Calcuating the mean and standard deviation for normalize

JonathanSum · February 5, 2020, 5:43pm

I see there are some post here: Example of data.normalize for fastAI v1
Calculating New stats
Error in calculating mean and standard deviation of channels of image
But I still don’t understand the formula for it. Is it taking the number of images, except the channel? I don’t know.
I used the code to calculate it, but I guess my pictures’s size of not the same for training. It fails. Maybe I will use the same size or resizing it for dataloader. But I still don’t know how to write some code to calculate the mean and standard deviation.

my dataset:https://drive.google.com/open?id=1uYVjdra05Dpgcgmn1gSlAf8azVIeww_n
Can someone help me

LessW2020 · February 5, 2020, 8:55pm

Normalizing means getting the mean and std deviation for each channel
Thus you get something like this
imagenet_stats : ([0.485, 0.456, 0.406], [0.229, 0.224, 0.225])
Note that you have to also divide by 255 as well.

LessW2020 · February 5, 2020, 8:57pm

Note theres more info and sample code here

JonathanSum · February 5, 2020, 10:43pm

Hi, I tried many code on the forum, but they all throw me an error that the size are not the same.

My dataset is so different than image-net and the MINST data-set. I have heard the lesson7 2018 talks about it, but I don’t see it.
What is the reason why divide by 255? Because we want to resize the images to be 255 for training?
I still don’t understand how to calculate it. I don’t even see the formula.
I have heard that we need to count all the number of images in the training set. Is this true?
Thank You.

juvian · February 5, 2020, 11:07pm

You should just be using .normalize() on your databunch for it to normalize according to your own images.

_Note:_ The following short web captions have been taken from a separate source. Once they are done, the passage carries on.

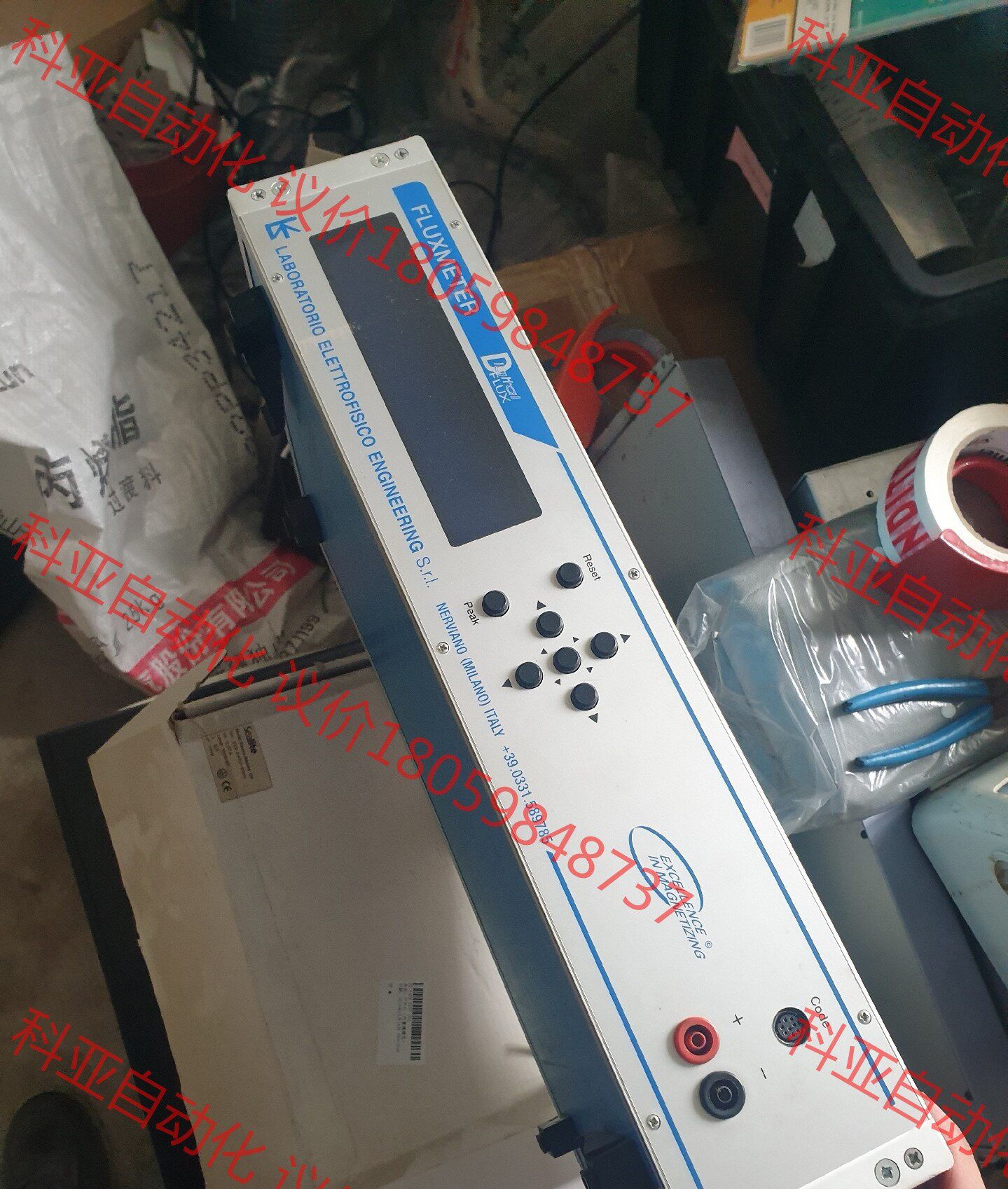 fluxmeter 测试主机一台，进口原装包好。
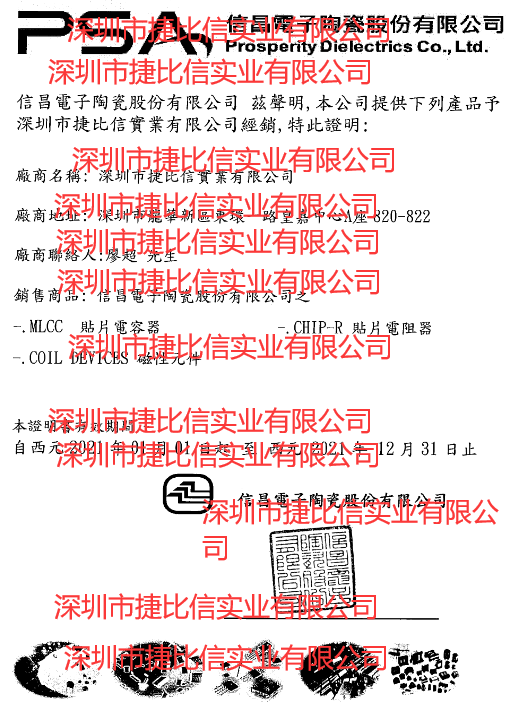 華新科信昌貼片電容授權代理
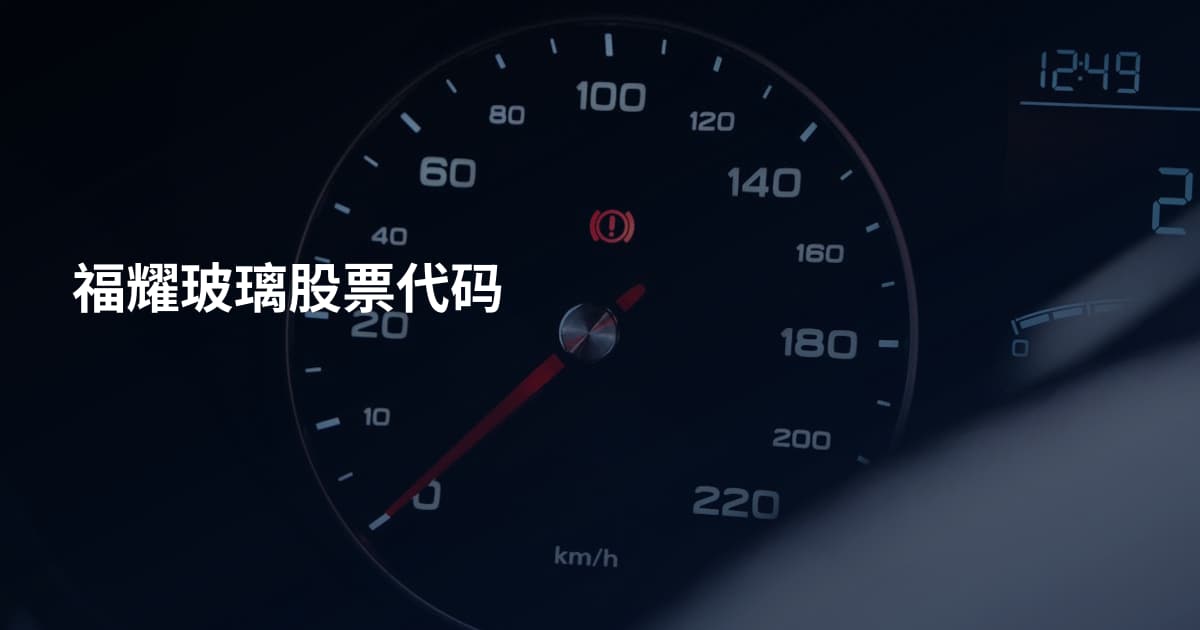 福耀玻璃股票代码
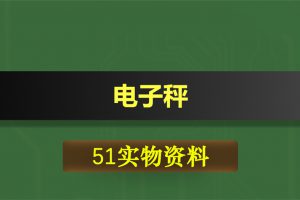 T005基于51单片机电子秤10kg量程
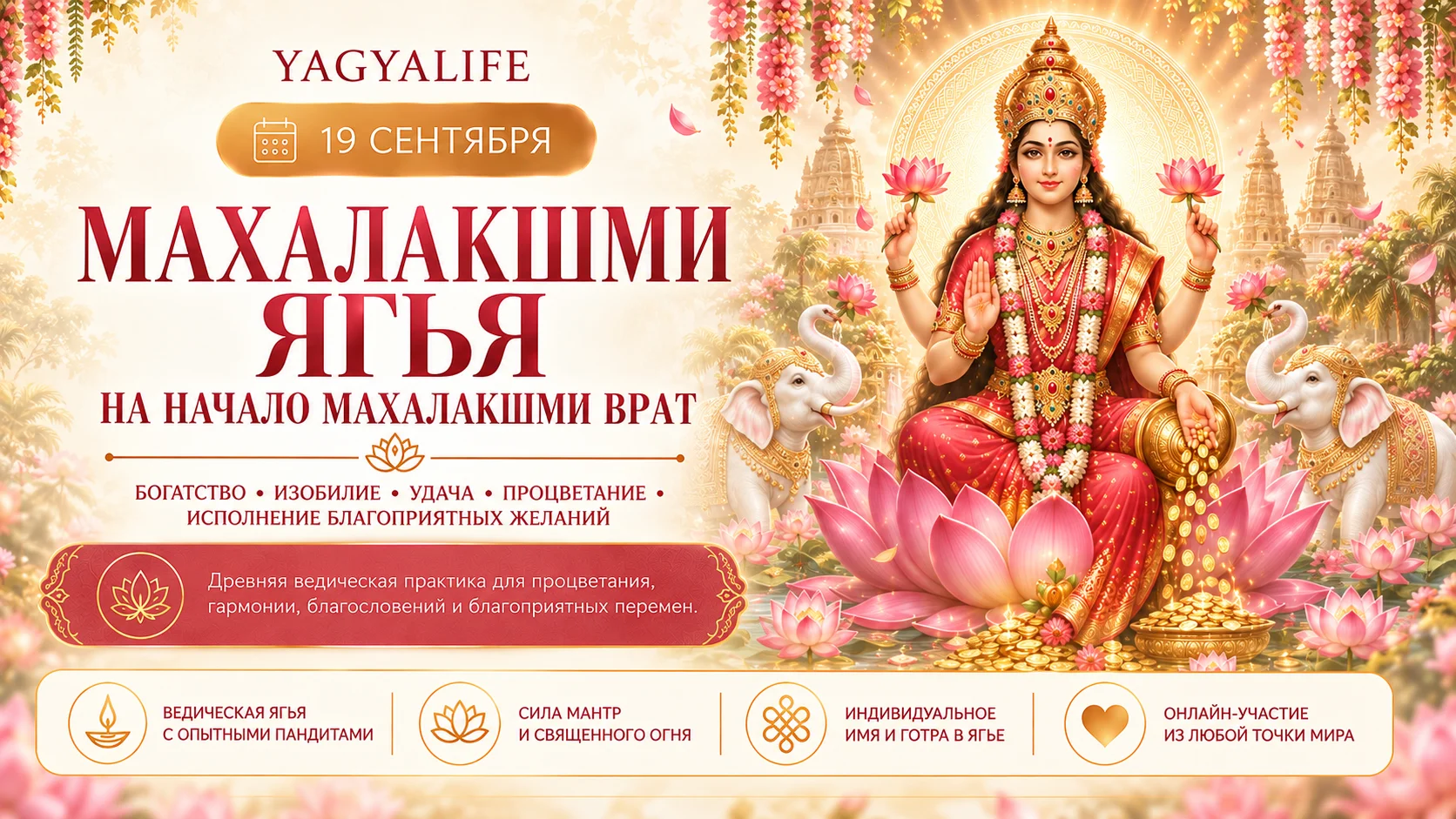 Лакшми Ягья заказать онлайн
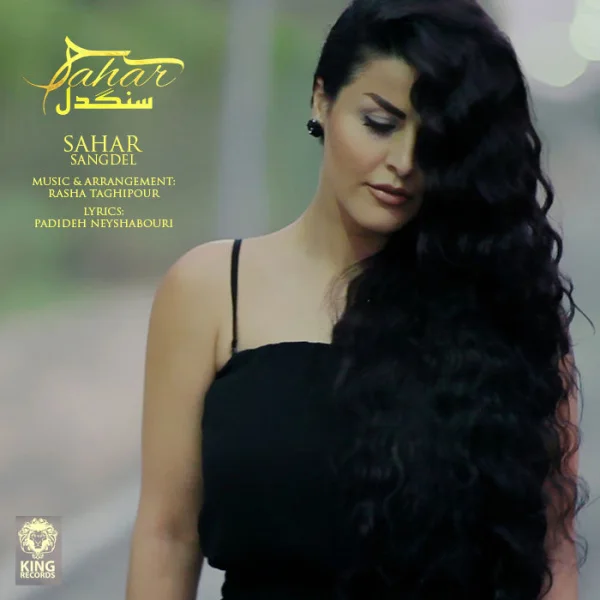 Sahar - Sangdel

Because if you calculate manually the stats for pixels, they will be in 0-255 range but fastai later uses tensors in 0-1 range so you need to divide by 255.
you can check how its done in fastai. But its as simple as calculating mean and standard deviation over each channel of your images
Fastai uses a single batch to calculate stats, but iterating your whole databunch might give more accurate results

JonathanSum · February 6, 2020, 4:26pm

Hi, If I am going to resize it to be 224 at the dataloader, should I calcuate the mean and std after resize it before it?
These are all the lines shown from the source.